Ojalá que estos políticos puedan ser tratados por sus homólogos del futuro con la misma cobardía que la que ellos han mostrado hacia Napoleón.
Añado que este rechazo de conmemorar la victoria de Austerlitz, resultado de una guerra que Napoleón trató de evitar a todo precio (cf. su Correspondencia), es un insulto grave infligido a la memoria de todos los soldados franceses muertos o mutilados durante aquella campaña deseada por Austria y Rusia, por petición de Inglaterra, celosa de alejar la amenaza que hacía pesar sobre ella la presencia, en las costas de la Mancha y del Mar del Norte, de la que iba a convertirse pronto en la Grande Armada.

Señalo a quienes pudieran ignorarlo que a finales de 1804 el gobierno inglés hizo entrega de cinco millones de libras de oro a las cortes de Viena y de San Petersburgo para financiar la Coalición cuyo resultado fue Austerlitz. ¿Quién se atreve a decirlo?

A propósito, justamente, de esa Inglaterra, que, con sus fieles cómplices y propaladores, los realistas franceses, perdidos de agradecimiento por haberlos vuelto a poner sobre un trono del cual la Revolución los había echado, está al origen de la imagen sórdida que se da de Napoleón y de todas las guerras falsamente llamadas « napoleónicas », recuerdo que, salvo error de mi parte, Napoleón nunca envió asesinos a Londres para tratar de liquidar al detestable Primer ministro inglés Pitt quien, por su parte, se permitió esta baja faena.
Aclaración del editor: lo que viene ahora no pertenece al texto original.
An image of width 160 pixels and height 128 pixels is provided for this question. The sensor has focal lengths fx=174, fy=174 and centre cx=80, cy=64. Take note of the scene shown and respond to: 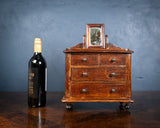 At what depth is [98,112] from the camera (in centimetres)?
113

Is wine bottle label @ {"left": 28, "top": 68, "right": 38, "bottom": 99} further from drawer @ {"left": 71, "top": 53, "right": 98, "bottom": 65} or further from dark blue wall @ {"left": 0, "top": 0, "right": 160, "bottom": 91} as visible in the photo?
dark blue wall @ {"left": 0, "top": 0, "right": 160, "bottom": 91}

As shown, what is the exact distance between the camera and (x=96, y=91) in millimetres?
1205

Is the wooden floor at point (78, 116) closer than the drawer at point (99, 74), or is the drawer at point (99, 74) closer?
the wooden floor at point (78, 116)

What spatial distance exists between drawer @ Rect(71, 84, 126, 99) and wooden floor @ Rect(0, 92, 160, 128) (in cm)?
10

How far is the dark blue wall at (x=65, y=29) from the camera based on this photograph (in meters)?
1.85

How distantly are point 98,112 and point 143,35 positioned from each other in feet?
3.61

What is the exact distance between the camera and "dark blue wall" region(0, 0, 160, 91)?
1851 millimetres

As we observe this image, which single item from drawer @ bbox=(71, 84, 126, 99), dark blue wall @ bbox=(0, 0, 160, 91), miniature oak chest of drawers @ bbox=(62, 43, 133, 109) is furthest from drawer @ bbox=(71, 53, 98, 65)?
dark blue wall @ bbox=(0, 0, 160, 91)

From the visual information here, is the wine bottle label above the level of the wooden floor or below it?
above

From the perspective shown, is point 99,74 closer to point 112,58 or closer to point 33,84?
point 112,58

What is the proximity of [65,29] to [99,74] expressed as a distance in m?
0.83

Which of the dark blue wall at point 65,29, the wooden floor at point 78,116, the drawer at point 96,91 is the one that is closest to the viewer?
the wooden floor at point 78,116

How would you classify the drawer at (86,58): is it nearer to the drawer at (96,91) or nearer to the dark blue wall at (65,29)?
the drawer at (96,91)

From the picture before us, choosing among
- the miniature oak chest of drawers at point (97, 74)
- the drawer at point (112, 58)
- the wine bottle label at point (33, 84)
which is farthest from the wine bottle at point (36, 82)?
the drawer at point (112, 58) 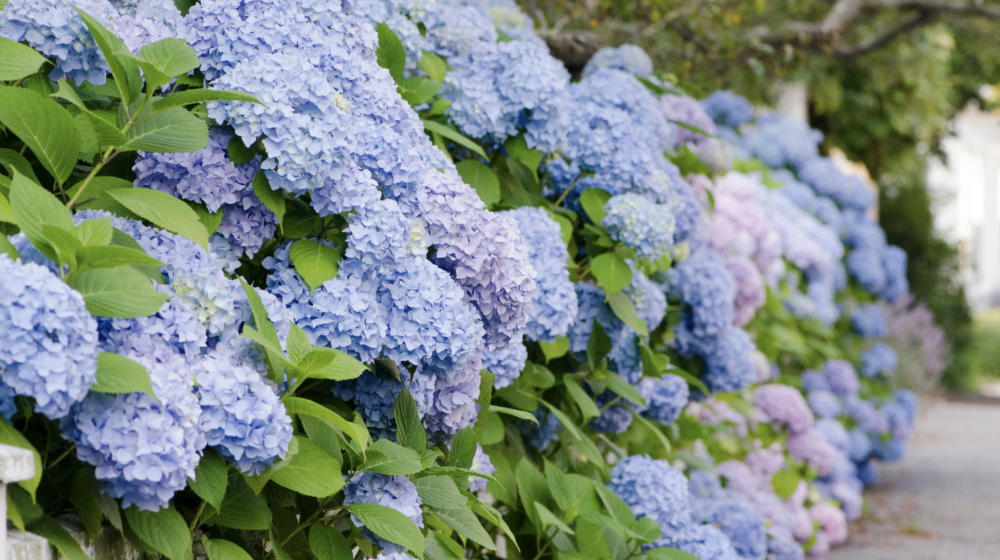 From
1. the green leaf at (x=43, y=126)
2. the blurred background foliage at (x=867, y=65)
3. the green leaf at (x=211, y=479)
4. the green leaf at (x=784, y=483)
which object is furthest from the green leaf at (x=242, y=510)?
the green leaf at (x=784, y=483)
Resultado: una veintena de muertos y unos cincuenta heridos mutilados durante el atentado llamado de la calle San Nicasio, el 24 de diciembre de 1800. Lo que hizo decir al Emperador que « Este hombre tan vanagloriado en su tiempo no será un día más que el genio del mal ».

No se imaginaba que la posteridad, diestramente indoctrinada, se equivocaría de culpable.

Teniendo en cuenta estos pesados « antecedentes », bien poco honorables, pero cuidadosamente disimulados, una pregunta se plantea muy naturalmente:

¿No hubo acaso una repulsiva indecencia en el apresuramiento servil del gobierno francés en despachar el portaviones Charles de Gaulle y múltiples navíos de la marina nacional para festejar en compañía de los ingleses, de la reina Elizabeth y del Primer Ministro Tony Blair, su victoria – ¡y nuestra derrota! – de Trafalgar?

Jean-Claude Damamme

(*) Léase también el Alegato por los « indígenas » de Austerlitz por Pierre Nora.